Capital sources and providers can be from one or a combination of the following:
- Bank capital
- Credit union capital
- Foundation grants and funds
- Community Reinvestment Act funds
- Federal funds
- State government funds
- Utility system benefit charges and ratepayer funds
- Local government general funds
- Emissions allowance revenues.
Bonds consist of many different types of funds that are too numerous to describe here. Some of the more common types of bonds are tax-exempt bonds that can fund investments in government facilities or, subject to many limitations, investments in certain private activities. Those are known as private activity bonds.
Banks can invest their own depository capital in clean energy lending projects if they feel the return is sufficient, given their understanding of the risk involved in the investment.
Credit Union Capital
Like banks, credit unions invest their capital in projects for which they feel the return will justify the risks as they understand them. Credit unions tend to be smaller than most national banks and are closely tied to particular communities or constituents. Credit unions may also have less capital to lend and a smaller network of branches than the larger banks.

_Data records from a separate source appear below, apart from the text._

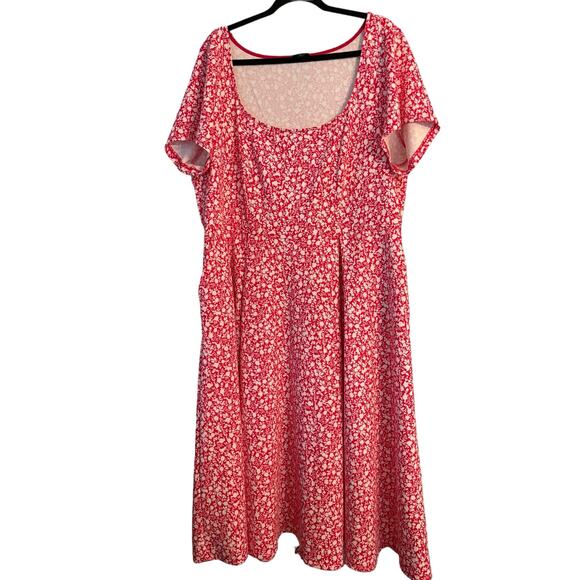 Torrid Floral Red Cherry Dress Full Skirt Scuba Knit Size 4 4X Pockets Flirty - Picture 1 of 12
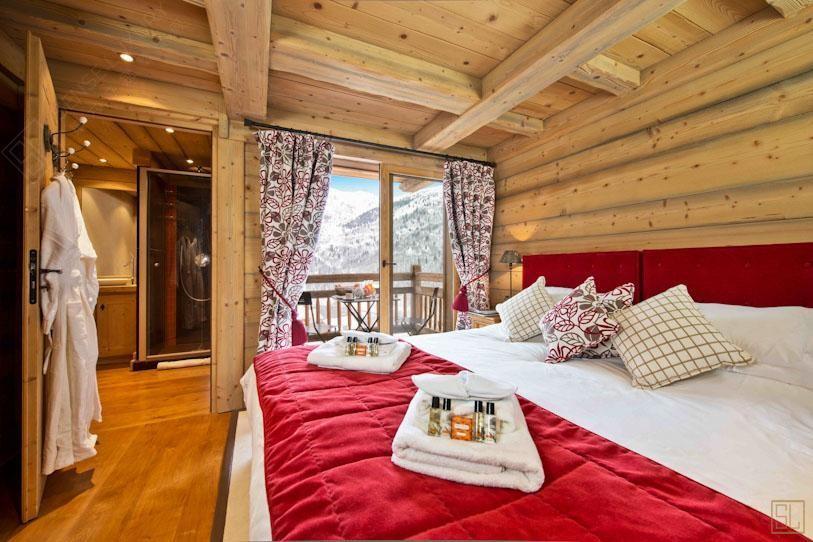 法国美丽贝尔 山谷别墅雪景卧室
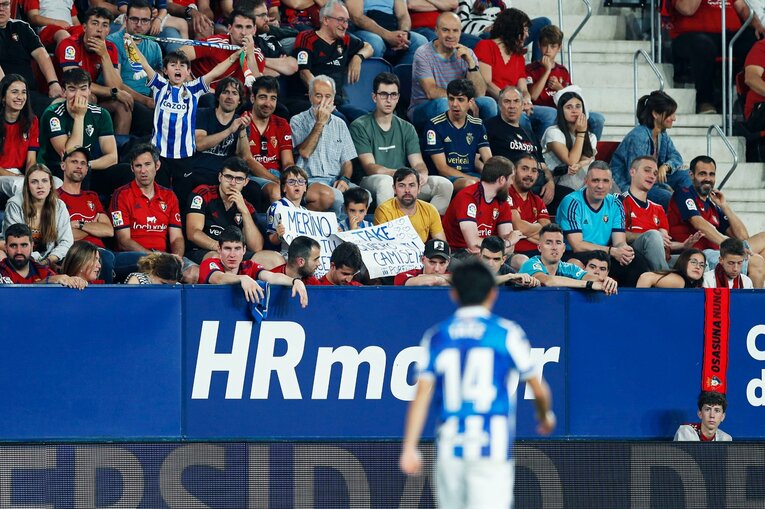 「タケ、今日はお前の日になる」と監督に送り出された通り…久保建英21歳の7点目→“MVP後ひっそり行動”をカメラマンは見た(27)
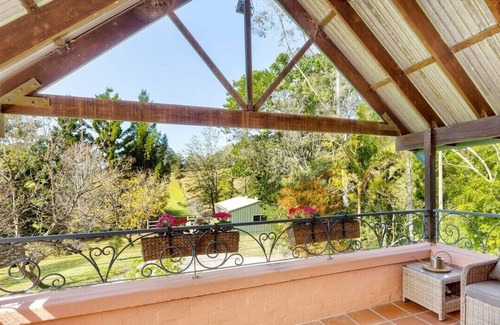 Fernmount House | Country home. Resort facilities. Private with views and pool.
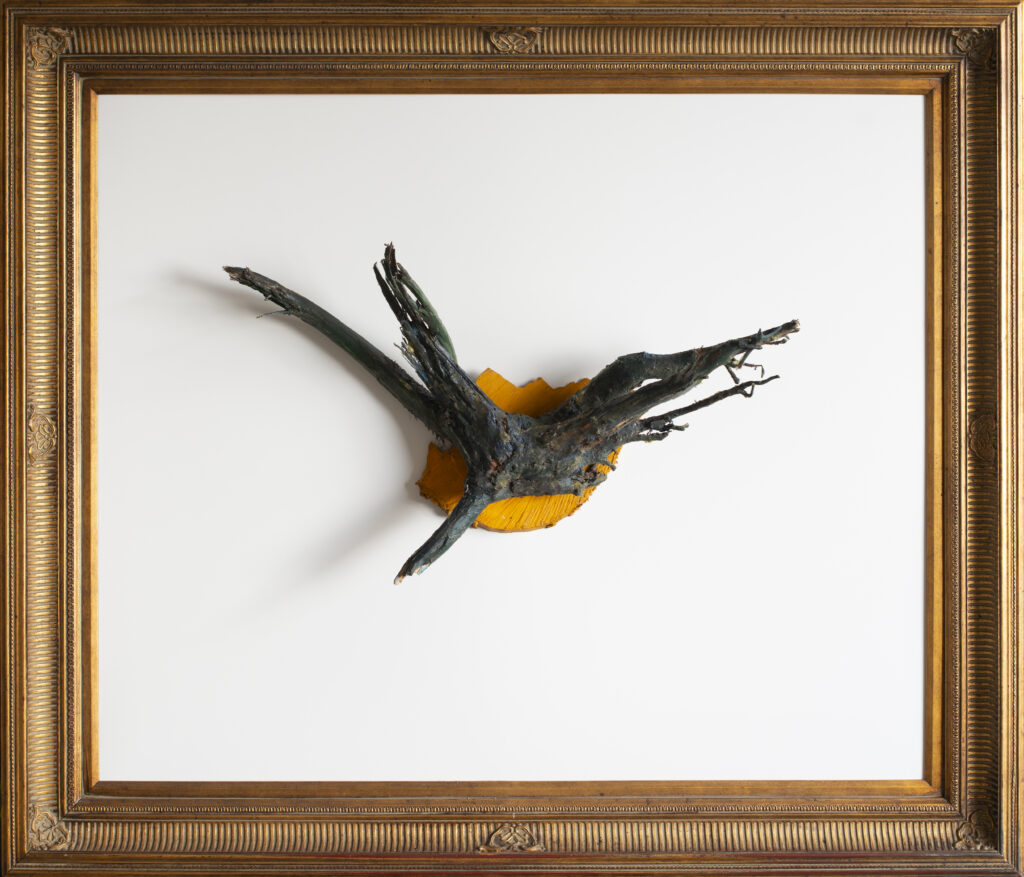 De verschoppeling, The Outcast 2023 Mixed Media on bark, wood and panel 120 x 120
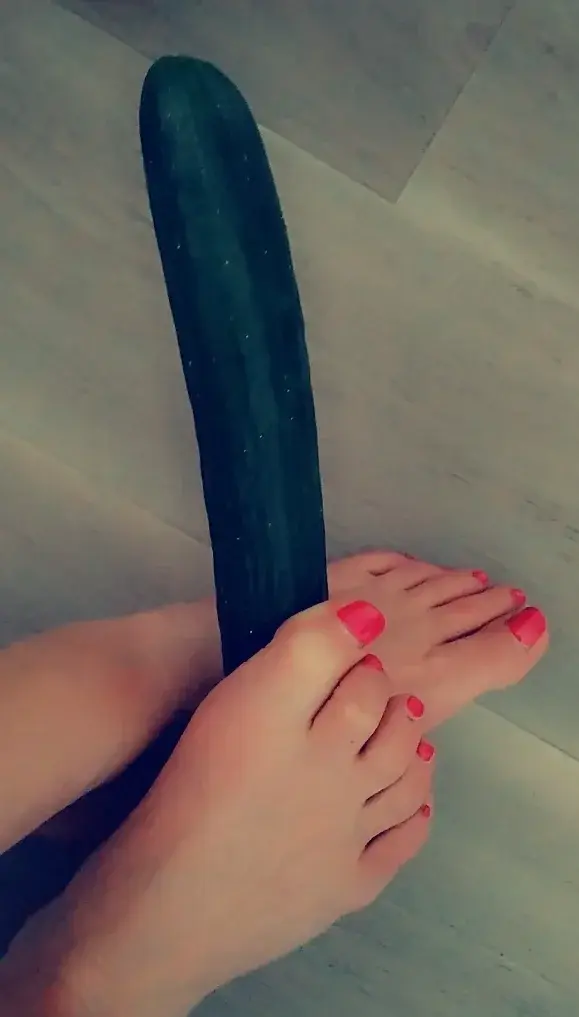 Leak & nude 1 — Petitspiedstoutmignons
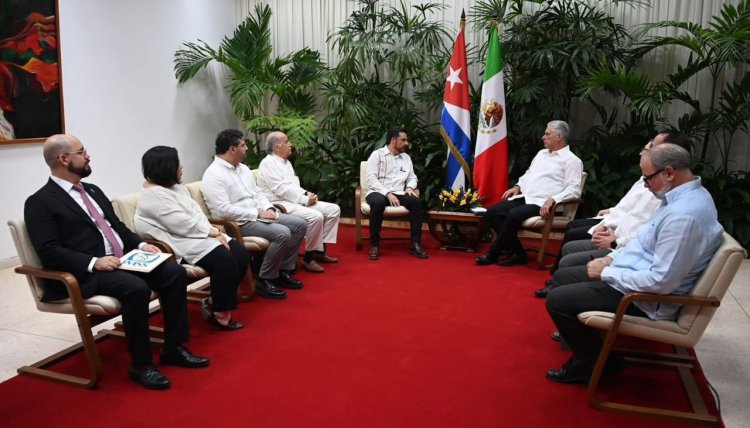 Se compromete más apoyo cubano al IMSS - Bienestar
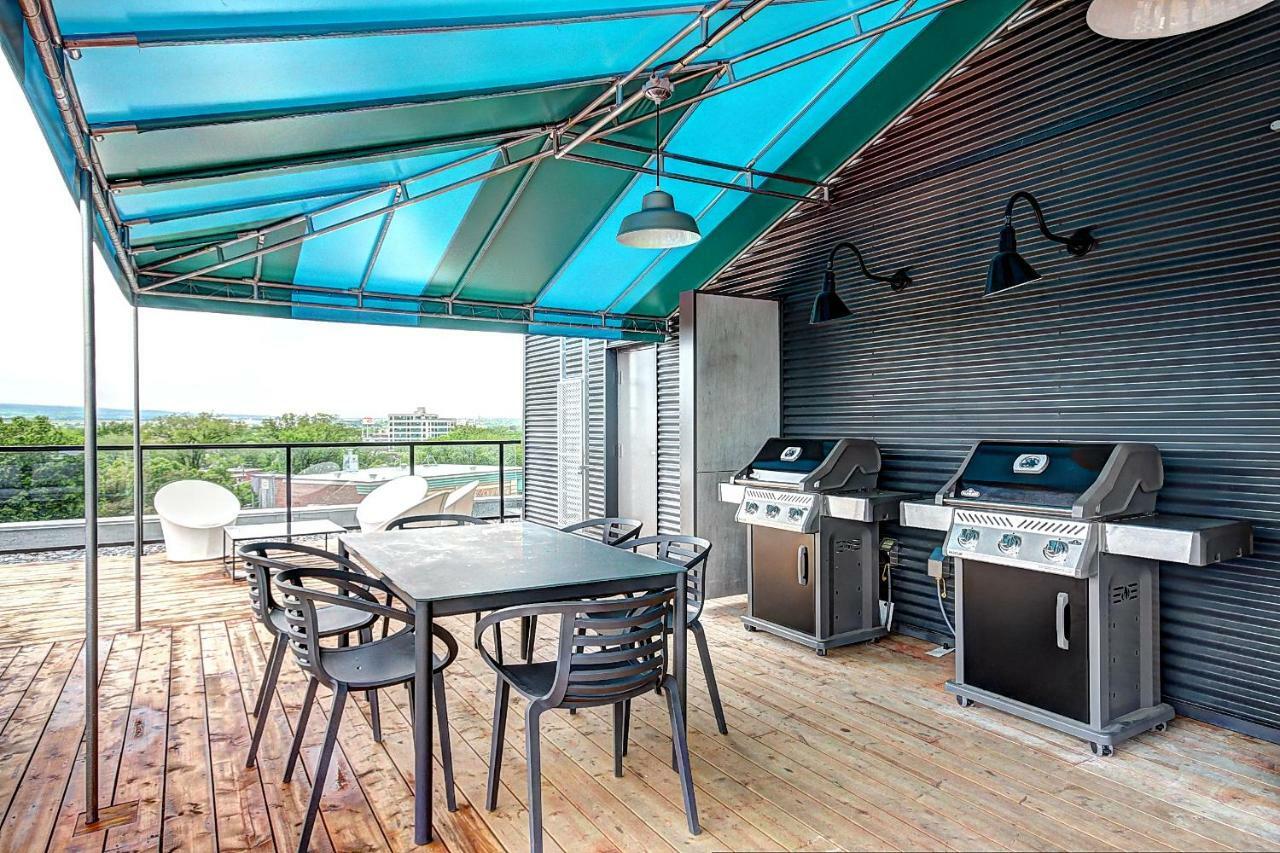 Le Kaméléon 318 : interieur parking, rooftop terrace, gym Québec Buitenkant foto
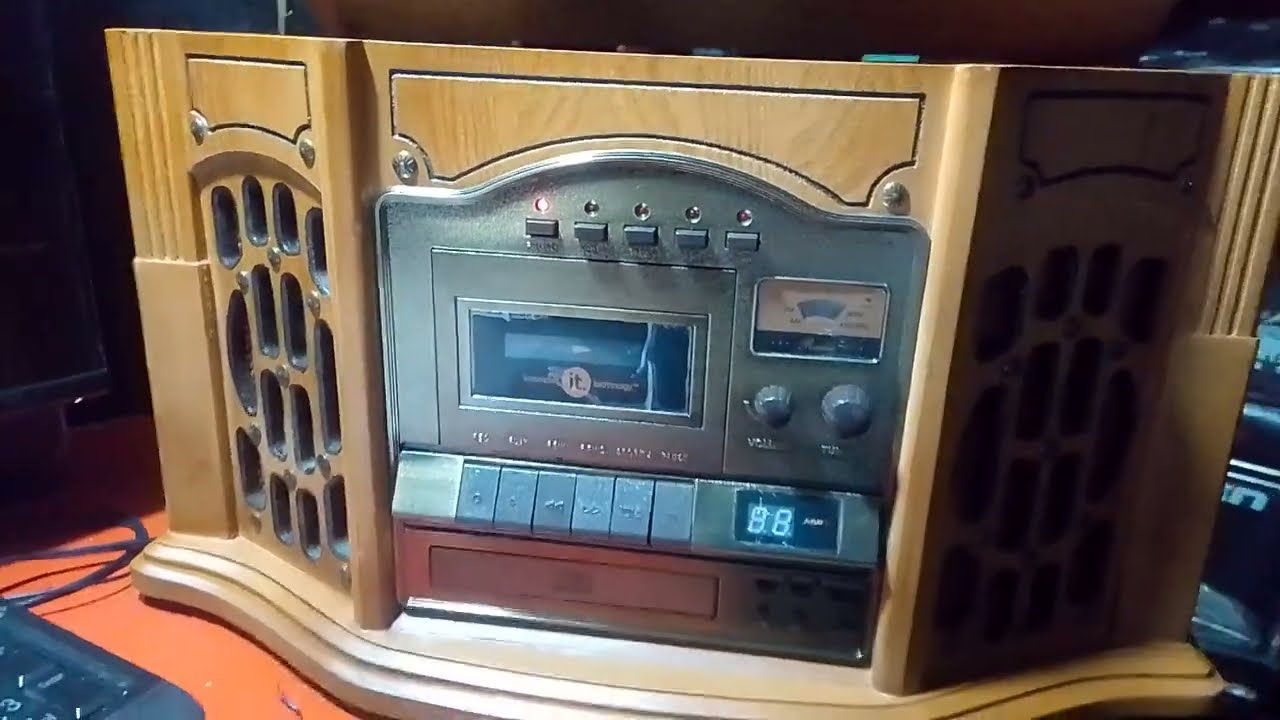 Проигрыватель модели ITRR-401 с AM/FM-радио, кассетной декой и CD-плеером. Звучит музыка 🎶🎶 Воспр...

Foundation Grants and Funds
Community development financial institutions (CDFIs) receive foundation grants to cover their operations and make loans to businesses, nonprofits, and homeowners in the community. CDFIs also receive foundation program-related investment (PRI) funds. Those are funds that foundations can legally place with CDFIs as an investment with a low interest rate, typically 2% to 3%.
Community Reinvestment Act Funds
Commercial financial institutions often meet their regulatory responsibilities under the federal Community Reinvestment Act by placing funds at a low interest rate with CDFI lenders. Like PRI funds, these investments often earn a below-market rate of 2% to 3%. In turn, CDFI lenders are expected to lend the funds at that same low rate plus a small interest rate spread that typically ranges from 2% to 3%.
Federal funds, whether from U.S. Department of Energy (DOE) initiatives such as the State Energy Program or other agencies, can be a source for loan capital. As long as those funds are used to support qualifying clean energy investments, they are a flexible funding source with few restrictions. Another possible federal resource is the funding designated to support lower income populations, such as the U.S. Department of Housing and Urban Development's CDFIs, may also be able to access grants from the U.S. Treasury to provide loan capital to targeted groups. The 2013 guide to Federal Finance Facilities Available for Energy Efficiency Upgrades and Clean Energy Deployment provides a review of many of the federal resources available.
State Government Funds
Government entities can make loans and have often done so. For instance, some state energy offices created clean energy lending programs in the late 1980s and early 1990s using allocations of funds through DOE and from certain legal settlements. Other state financing authorities operate lending programs using a number of different capital sources. State and local financing authorities are diverse, but tend to operate in collaboration (rather than in competition) with private financial institutions. State financing authorities lend in markets that are not attractive to private entities, such as loans to cash-strapped nonprofits, or co-lend with private financial institutions. In some cases, government entities make direct loans, too. In some cases, state treasurers may be willing to invest a portion of their capital in energy efficiency lending.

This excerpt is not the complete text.